Does your program teach and promote the arts?
Do you have a personal passion for the arts?
Do you have or know kids who have or could benefit from arts programs?
If you answered yes to any of these questions (which should be most of us!), someone in your world stands to be impacted by the funding risks that arts education programs and organizations are currently facing.1
The Transformative Power of the Arts
Jonathan Herman, Executive Director of the National Guild for Community Arts Education said, “In study after study after study, an arts education has proven to be a substantial contributor to increased learning across the curriculum and to students’ emotional wellbeing.” This translates to potentially reducing poverty and crime, in short, changing lives, which has a ripple effect to us all.
Mr. Herman cited examples of powerful programs supported by public funds:
- Project STEP provides intensive musical instruction in strings for talented minority students in Boston, as well as opportunities for them to participate in chamber music ensembles and orchestras.
- Urban Gateways in Chicago offers arts education for the specific purpose of healing trauma in at-risk youth and providing tools for their social and emotional health.
- Cathedral Arts Project in Jacksonville, FL, evaluates the impact of the arts on juvenile crime prevention and explores arts education for at-risk youth.
- The Center of Creative Arts (COCA) provides free dance training for students in St. Louis Public Schools and includes an Honors Dance Program with long-term, individualized training to help students achieve their professional goals.

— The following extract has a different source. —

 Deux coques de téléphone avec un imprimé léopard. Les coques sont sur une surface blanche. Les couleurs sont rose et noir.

- Creative Action in Austin, TX, supports teens in creating and performing original plays; transforming public spaces through murals, sculptures, and installations; and developing original filmmaking projects.
Arts Advocacy Day
In 3 weeks, you have an exciting opportunity to support your colleagues in seeking congressional support for the arts.

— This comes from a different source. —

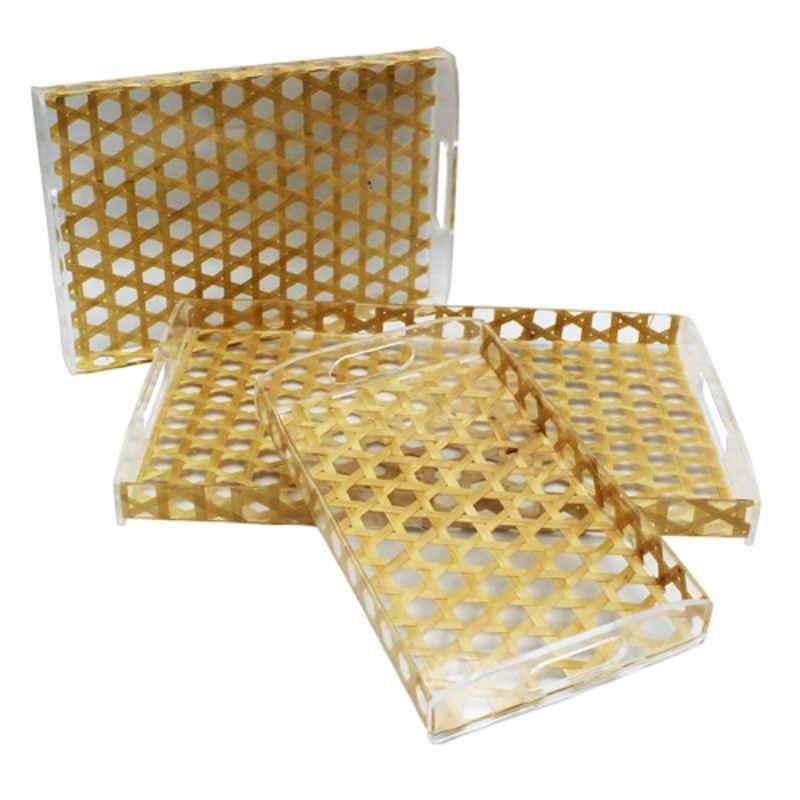 iLife 3 Pcs 4mm Acrylic Bamboo Serving Tray Set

On Arts Advocacy Day, March 20 and 21, more than 500 grassroots leaders from across the country will gather in Washington, D.C., to share stories with representatives from Congress about the transformative power of the arts.

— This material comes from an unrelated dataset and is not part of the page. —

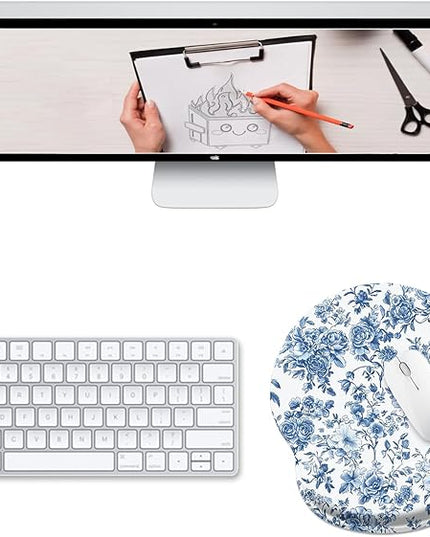 Floral Flower Ergonomic Mouse Pad with Wrist Rest, Gel Mousepad Wrist Support, Computer Gaming Mouse Pad with Pain Relief Non-Slip PU Base for Desk Accessories Office Decor Supplies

The largest gathering of its kind, Arts Advocacy Day is hosted by Americans for the Arts, in partnership with more than 85 national arts organizations. The event includes the Nancy Hanks Lecture on Arts & Public Policy at the John F. Kennedy Center for the Performing Arts.
Register for the event and get these great benefits:
- Receive expert arts advocacy training.
- Take advantage of peer-to-peer learning and networking opportunities.
- Support arts education policy, the charitable tax deduction, and funding for the National Endowment for the Arts.
If you can’t attend Arts Advocacy Day, now is the time to contact your local representatives to show your support and tell your own story about the power of the arts in your community.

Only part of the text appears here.